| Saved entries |
********

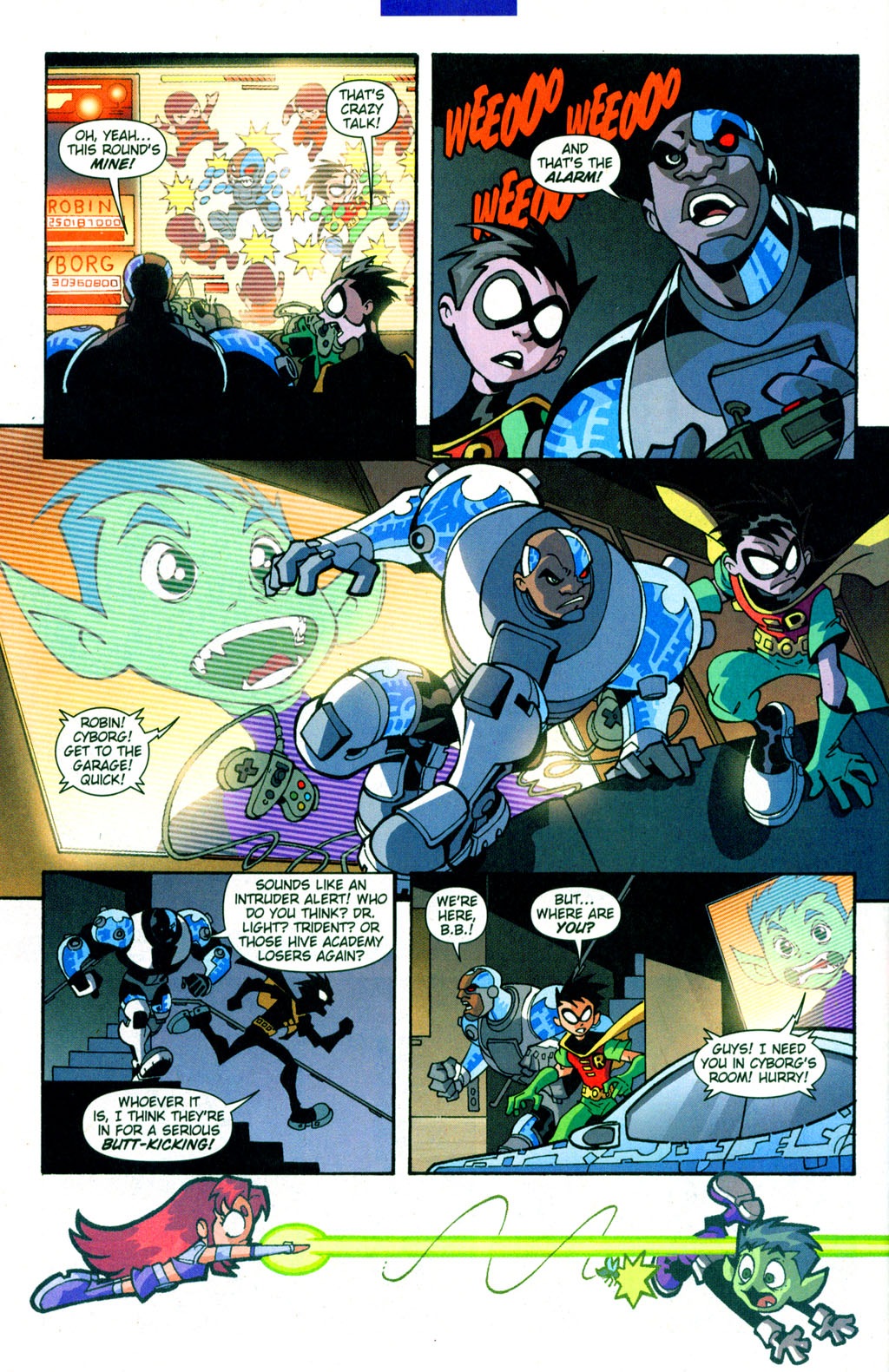 Read online Teen Titans Go! (2003) comic -  Issue #2 - 11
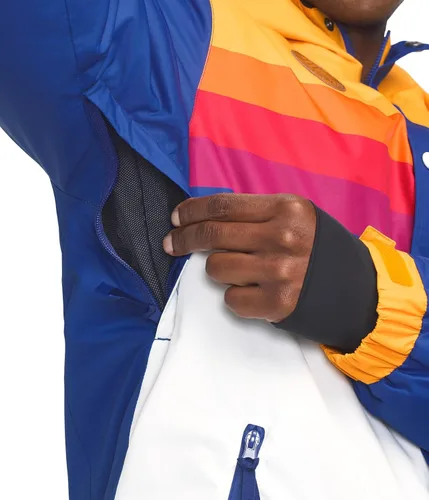 Miniatura 4 de Tipsy Elves Chaquetas de esquí para hombre - Divertidas y coloridas prendas de esquí con capucha impermeables para adultos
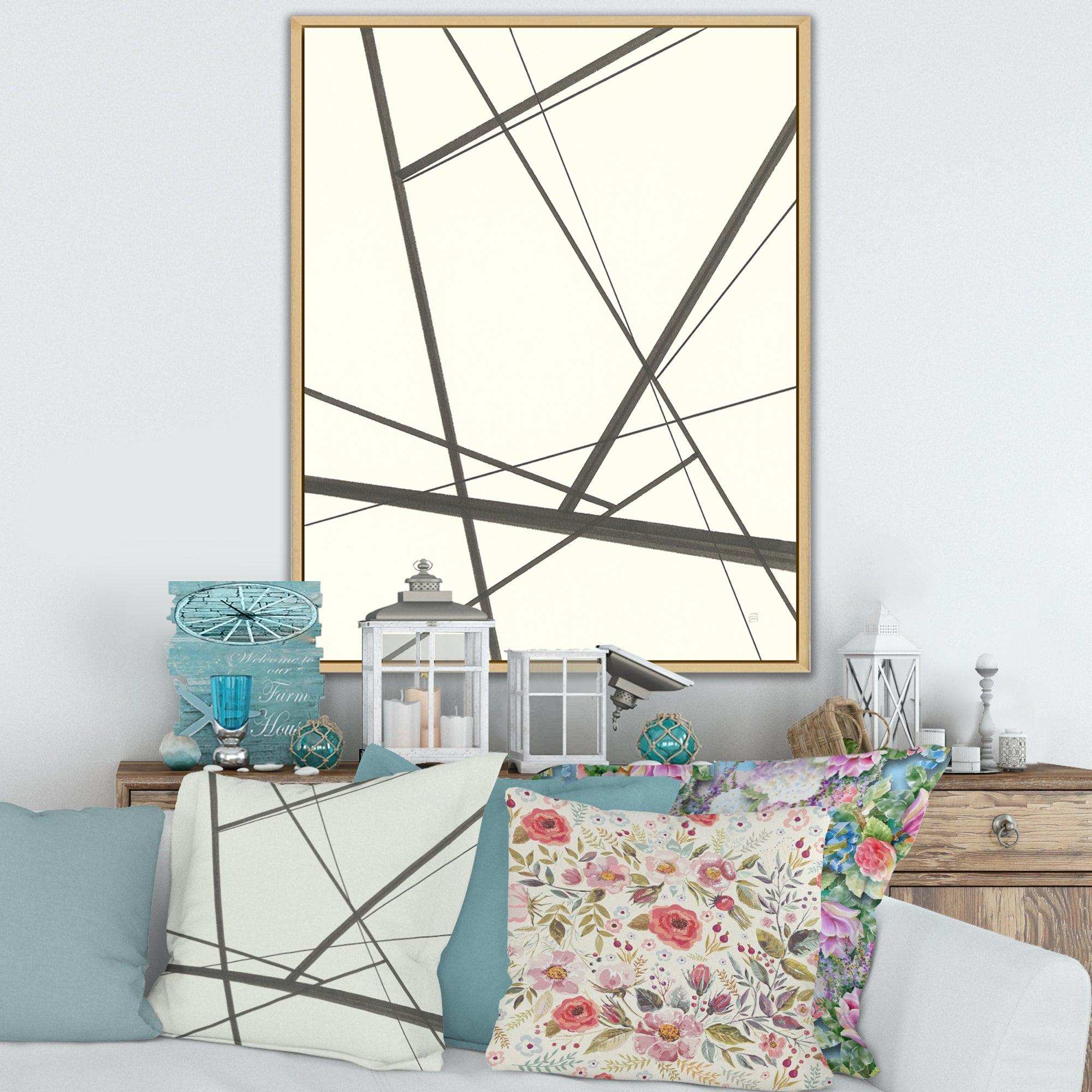 minimalist black and white IV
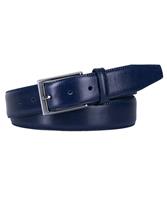 Profuomo heren blauwe leren riem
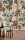 Fototapete Walls by Patel 4 m x 2,7 m Blumen Beige Grün  Raum 3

********

| TASK BRIEF |
Write out exactly the lines from the one containing "minimalist black and white IV" to the last line of the records above, both included, and leave out any pictures.

| TASK ANSWER |
 minimalist black and white IV
 Profuomo heren blauwe leren riem
 Fototapete Walls by Patel 4 m x 2,7 m Blumen Beige Grün  Raum 3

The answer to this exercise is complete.